From my perspective, when you build a container image, you are making a “contract” from an operations perspective that only the executables and processes within the container image on the registry should be executed during runtime. And if you accept that as the default, then any process running not built into the image should be seen as suspicious.

Now that all sounds common sense, but it’s honestly a really hard problem to solve. Really from my perspective this is an extension of the Supply Chain problem for Software Security. But this is more to the right-side of the problem then the left.

What is software supply chain?

When we look at the software supply chain, we are talking about how the software gets to the production environment. The SolarWinds hack of 2023, was a major cyber security incident in 2023 (read more here). The crux of what happened in that attack was that the hackers had targeted a third-party solution and gained access to networks through that solution. The intention being to build the malware into a library or dependency that gets baked into a product and installed into the ultimate target network.
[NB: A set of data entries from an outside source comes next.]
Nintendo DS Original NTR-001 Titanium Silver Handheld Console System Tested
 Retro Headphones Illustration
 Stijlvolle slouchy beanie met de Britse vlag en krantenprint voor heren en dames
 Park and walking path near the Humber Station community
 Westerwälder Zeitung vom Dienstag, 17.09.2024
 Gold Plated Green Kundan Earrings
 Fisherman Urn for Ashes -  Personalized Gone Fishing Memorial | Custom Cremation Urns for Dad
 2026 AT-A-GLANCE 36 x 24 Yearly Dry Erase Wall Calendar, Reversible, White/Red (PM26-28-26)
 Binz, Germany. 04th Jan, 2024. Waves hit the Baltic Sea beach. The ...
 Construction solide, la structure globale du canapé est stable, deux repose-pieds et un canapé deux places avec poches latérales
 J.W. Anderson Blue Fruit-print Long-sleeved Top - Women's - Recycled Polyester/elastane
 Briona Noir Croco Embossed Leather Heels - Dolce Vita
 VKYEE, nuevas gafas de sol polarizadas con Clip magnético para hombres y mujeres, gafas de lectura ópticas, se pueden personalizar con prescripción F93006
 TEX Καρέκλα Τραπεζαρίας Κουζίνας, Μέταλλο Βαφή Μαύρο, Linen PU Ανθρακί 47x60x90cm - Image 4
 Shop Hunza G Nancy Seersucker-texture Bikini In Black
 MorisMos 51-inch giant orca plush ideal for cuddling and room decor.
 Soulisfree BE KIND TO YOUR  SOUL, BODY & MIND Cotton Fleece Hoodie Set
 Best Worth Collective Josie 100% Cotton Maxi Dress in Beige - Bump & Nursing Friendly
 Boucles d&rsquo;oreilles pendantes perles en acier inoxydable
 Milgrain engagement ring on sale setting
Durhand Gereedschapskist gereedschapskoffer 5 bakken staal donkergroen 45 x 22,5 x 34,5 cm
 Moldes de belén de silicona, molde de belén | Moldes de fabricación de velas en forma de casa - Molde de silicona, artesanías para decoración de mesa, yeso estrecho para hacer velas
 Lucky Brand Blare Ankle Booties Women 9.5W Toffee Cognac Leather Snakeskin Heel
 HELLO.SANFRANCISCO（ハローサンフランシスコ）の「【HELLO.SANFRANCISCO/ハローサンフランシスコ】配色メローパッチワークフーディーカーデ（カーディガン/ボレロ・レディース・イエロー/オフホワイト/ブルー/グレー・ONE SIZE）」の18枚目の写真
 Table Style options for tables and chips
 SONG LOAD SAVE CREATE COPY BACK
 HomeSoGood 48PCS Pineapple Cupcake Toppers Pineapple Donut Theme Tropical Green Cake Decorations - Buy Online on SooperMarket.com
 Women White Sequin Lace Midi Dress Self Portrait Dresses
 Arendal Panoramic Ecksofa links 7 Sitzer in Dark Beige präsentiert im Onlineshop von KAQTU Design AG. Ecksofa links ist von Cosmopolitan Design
So what is the software supply chain, the idea is this. If you take the following as a high-level software development process / supply chain:

flowchart TD
    A[Repo] --> B[Developer Machine]
    A --> C[CI / CD Pipeline]
    D[Dependencies] --> C
    C --> E[Dev Environment]
    E --> F[Test Environment]
    F --> G[Prod Environment]
    G --> H[Customer Environment]

The idea behind Supply Chain attack, is that you hit either the repo, or a dependency that then gets baked into the total software solution. Now, there are lots of protections you can and should put in place for a supply chain process. Some of these include:

  • Signing Commits from Developers
  • Performing sha / hash checks on dependencies against known good standards.
  • Signing and validating container images that are being leveraged or deployed.

But these realistically only go so far. Because let’s take the container image as an example. If a hacker is able to inject malware into a container image, and get that image signed by a CA. Then from everywhere else in the assembly, it becomes harder to validate and block the intrusion.

And if you add the malware directly into the containers, then you run the risk of it being detected during container vulnerability scans. So the next logical step is to have the container image pull down the malware upon startup. And that’s what binary drift is. When you have something added to a container that was not in the image.

What tools are available?

One of the areas I’ve been really impressed with is how much Defender for Cloud is able to do in this space. The benefit being that Defender can work in Azure, AWS, and Google and provides the ability to setup alerts and scanning for this type of alert and configure the actions to be performed.